_Aim of the exercise_
Write out nothing except the lines of the entries below, from the first through the one containing "Dog - Lovers Unisex Hoodie in Black", exactly and without pictures.

Records for processing section start

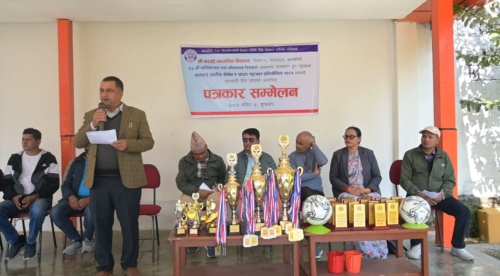 पोखरामा क्लस्टर स्तरीय सेभेन ए साइड फुटबल प्रतियोगिता हँुदै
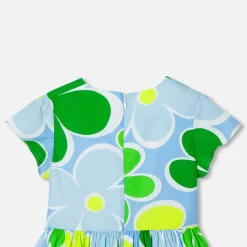Jacadi Robe enfant fille en popeline - lore BLANC/MULTICO Best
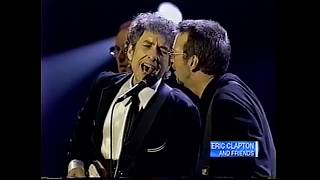 Bob Dylan + Eric Clapton  Don't Think Twice + Crossroads   MSG NYC 6/30/99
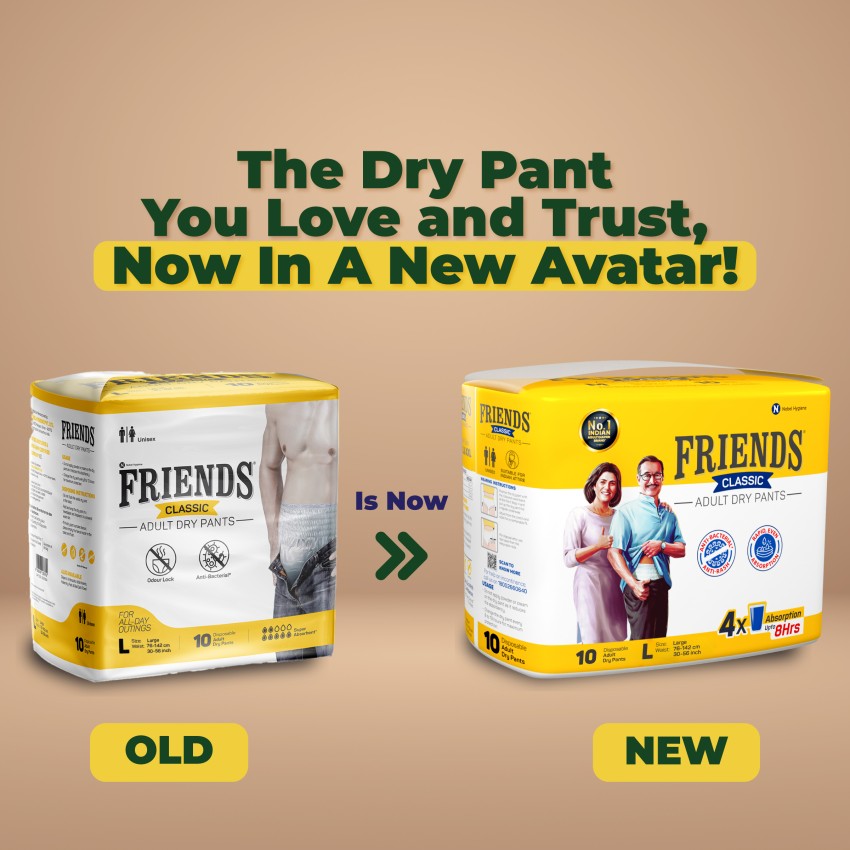 FRIENDS Classic Diaper Pull Ups Pants Adult Diapers - L - Buy 20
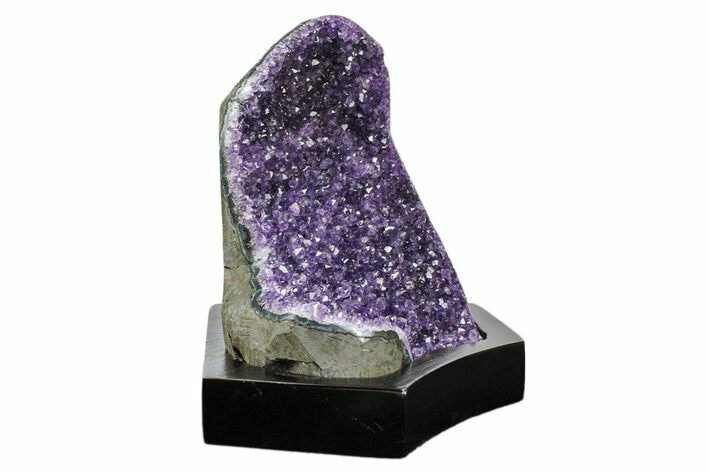 Tall, Purple Amethyst Cluster With Wood Base - Uruguay #171746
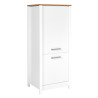 Colonne combinée pour frigo/congélateur blanc/chêne Mylena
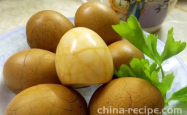 Practice of spiced Tea egg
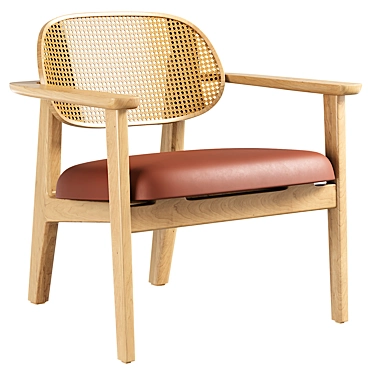 Modern Titus Lounge Chair Set 3D model image 1 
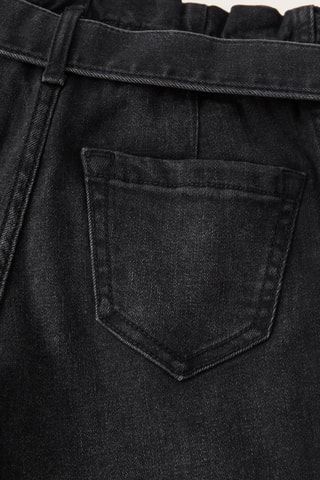 Short en jean - Noir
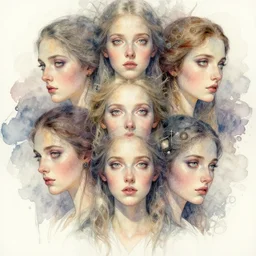 Geistlichkeit banqueting pioneer of paper God serenity BEAUTY, cinematic, creative, fromme Seele, artistic, pioneering oblique frail watercolor aesthetic, intricate drawing, realistic fantasy, extremely detailed and beautiful faces, establishing shot, 8k resolution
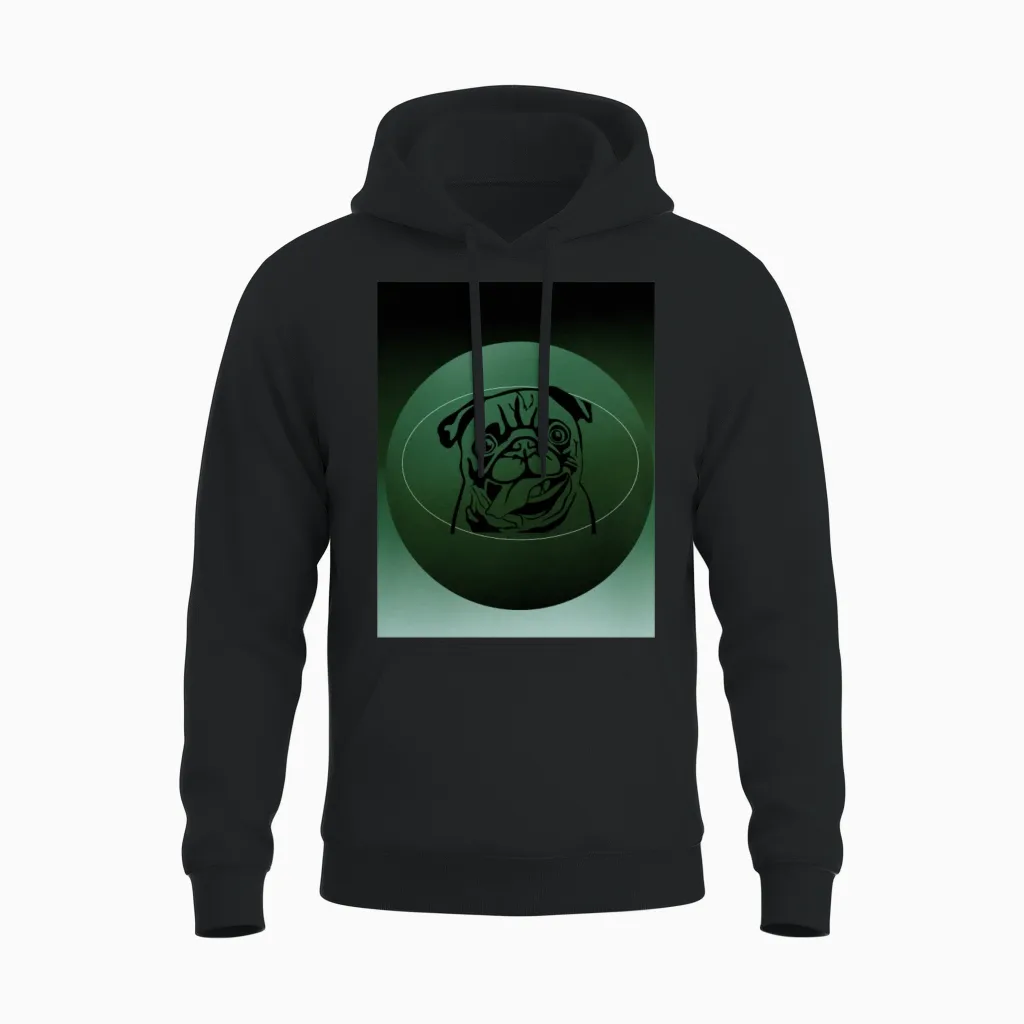 Dog - Lovers Unisex Hoodie in Black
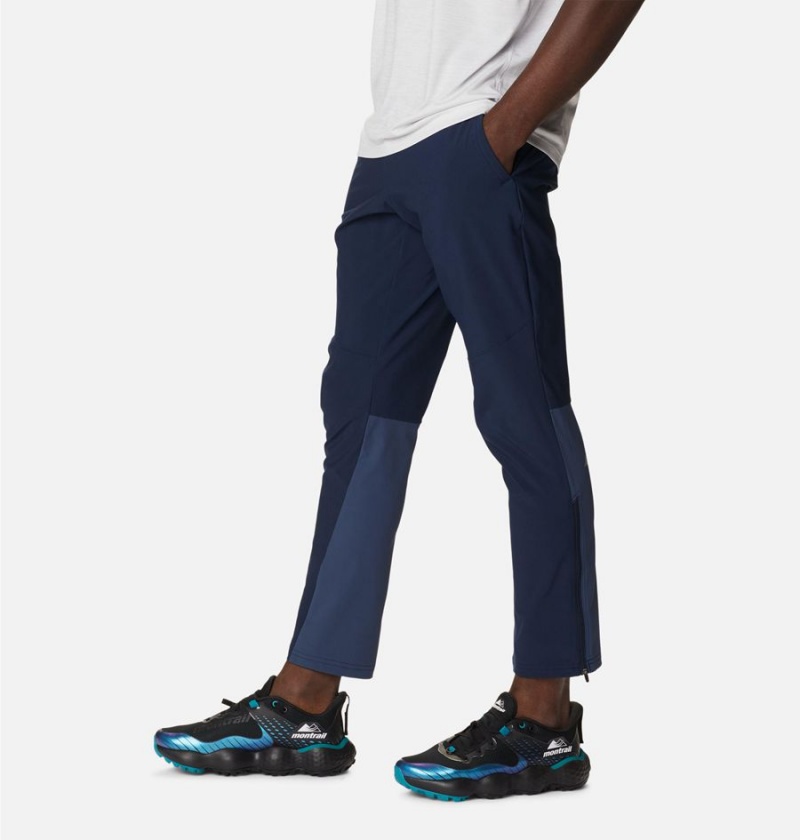 Columbia Endless Trail Training Joggers Men's Pants Navy | DBENYS-476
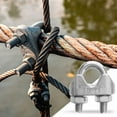 thumbnail image 7 of WEUVEB 6Pcs Silver Steel Wire Rope Clamps for Load Securing, 7 of 7
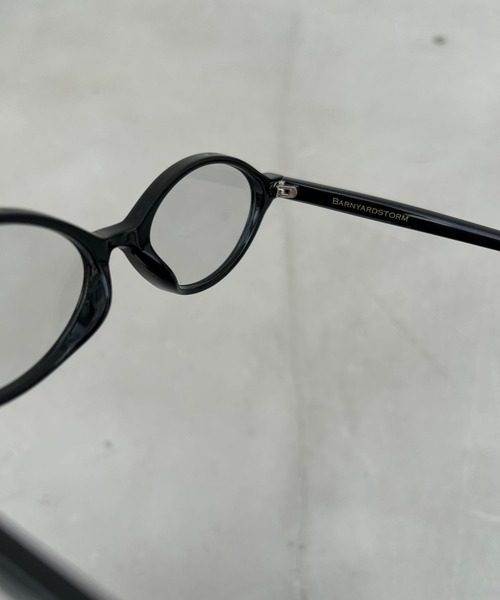 BARNYARDSTORM（バンヤードストーム）の「BARNYARDSTORM / 調光オーバルグラス【『ネルソンさん』YouTubeご紹介アイテム】（メガネ・レディース・ブラック・FREE）」の15枚目の写真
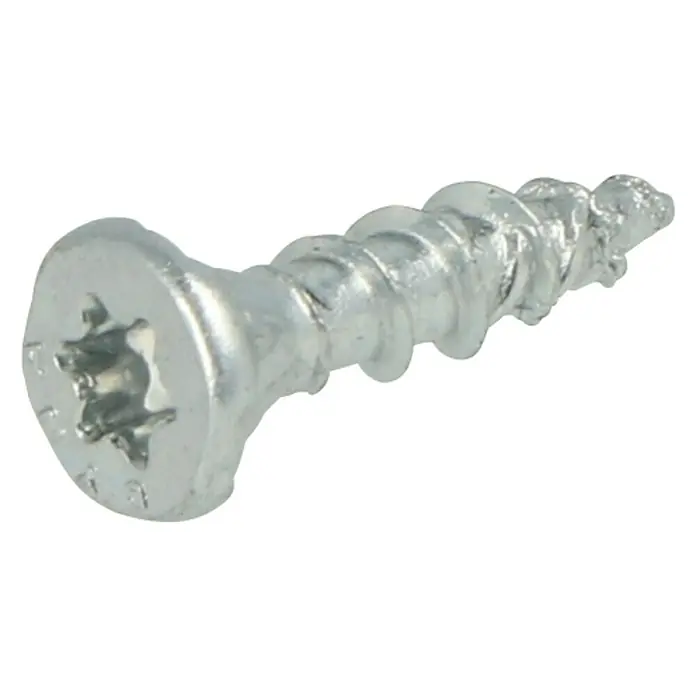 Dynaplus Universele schroef Platkop - Ø x l: 3,5 x 16 mm, Voldraad, 200 stk., Zilver - Diagonaal zicht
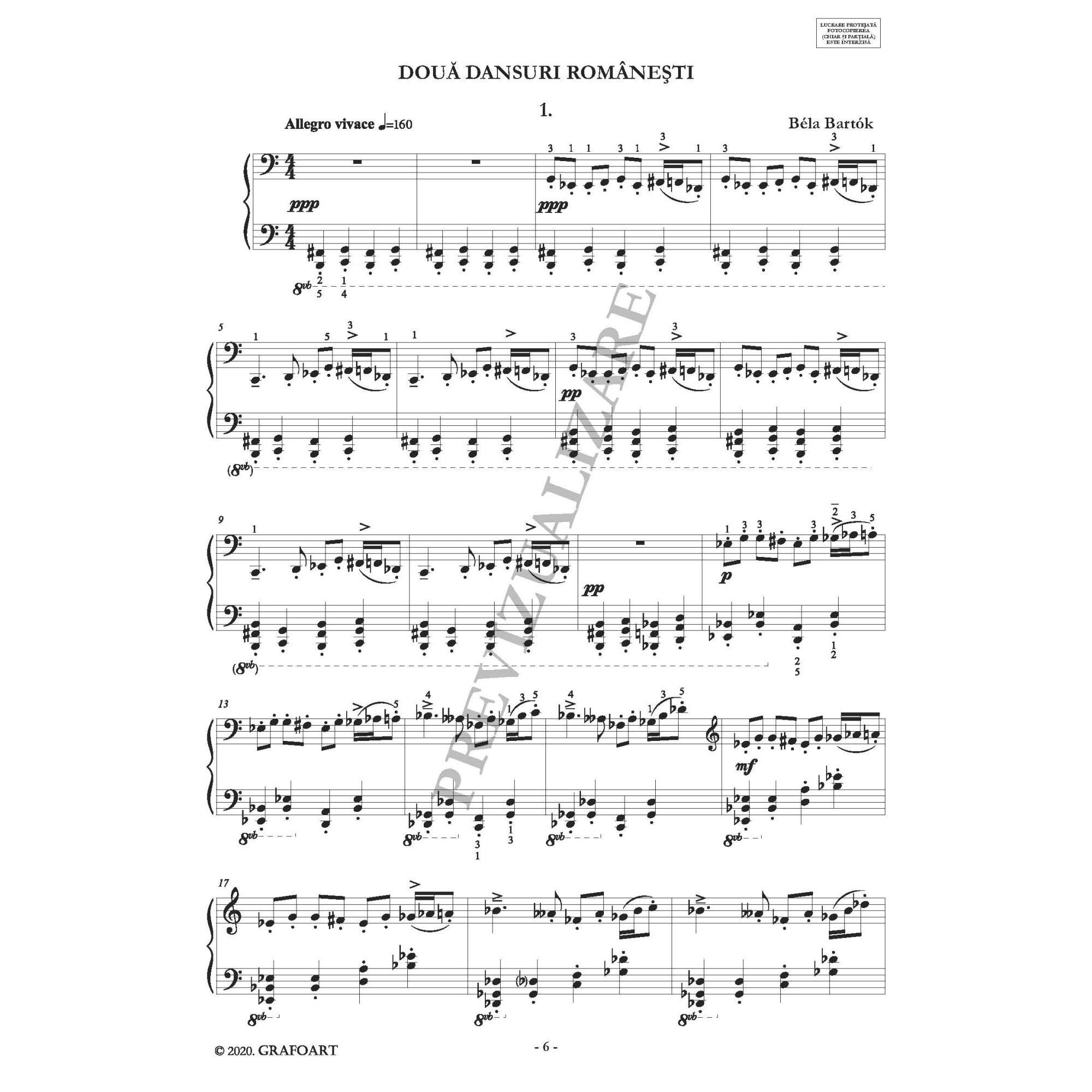 2 Dansuri Romanesti | Bela Bartok - 1 | YEO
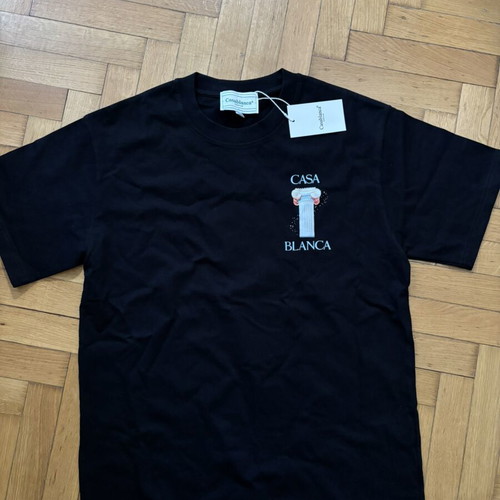 Casablanca Paris La Colonne black graphic T-shirt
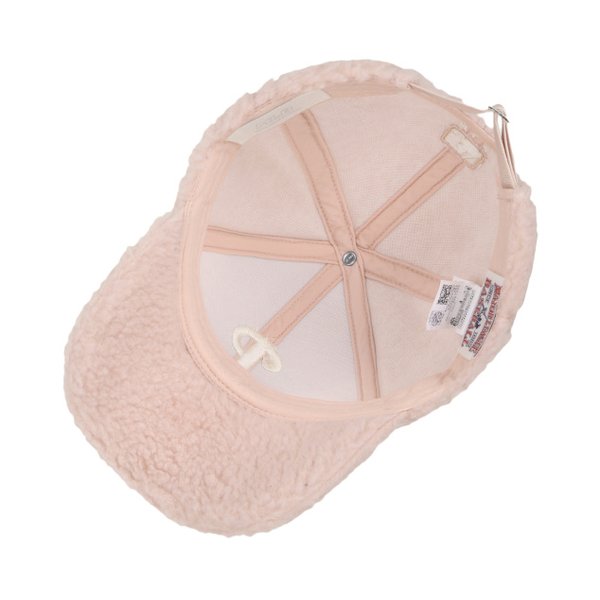 【Brilliant|包邮包税】MLB 羊羔绒 秋冬保暖 棒球帽 淡粉色  32CPDI011-10P商品第6张图片规格展示
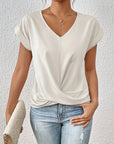 Helvano | Damen T-Shirt mit V-Ausschnitt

Records for processing section end

_Answer to this task_
 पोखरामा क्लस्टर स्तरीय सेभेन ए साइड फुटबल प्रतियोगिता हँुदै
Jacadi Robe enfant fille en popeline - lore BLANC/MULTICO Best
 Bob Dylan + Eric Clapton  Don't Think Twice + Crossroads   MSG NYC 6/30/99
 FRIENDS Classic Diaper Pull Ups Pants Adult Diapers - L - Buy 20
 Tall, Purple Amethyst Cluster With Wood Base - Uruguay #171746
 Colonne combinée pour frigo/congélateur blanc/chêne Mylena
 Practice of spiced Tea egg
 Modern Titus Lounge Chair Set 3D model image 1 
 Short en jean - Noir
 Geistlichkeit banqueting pioneer of paper God serenity BEAUTY, cinematic, creative, fromme Seele, artistic, pioneering oblique frail watercolor aesthetic, intricate drawing, realistic fantasy, extremely detailed and beautiful faces, establishing shot, 8k resolution
 Dog - Lovers Unisex Hoodie in Black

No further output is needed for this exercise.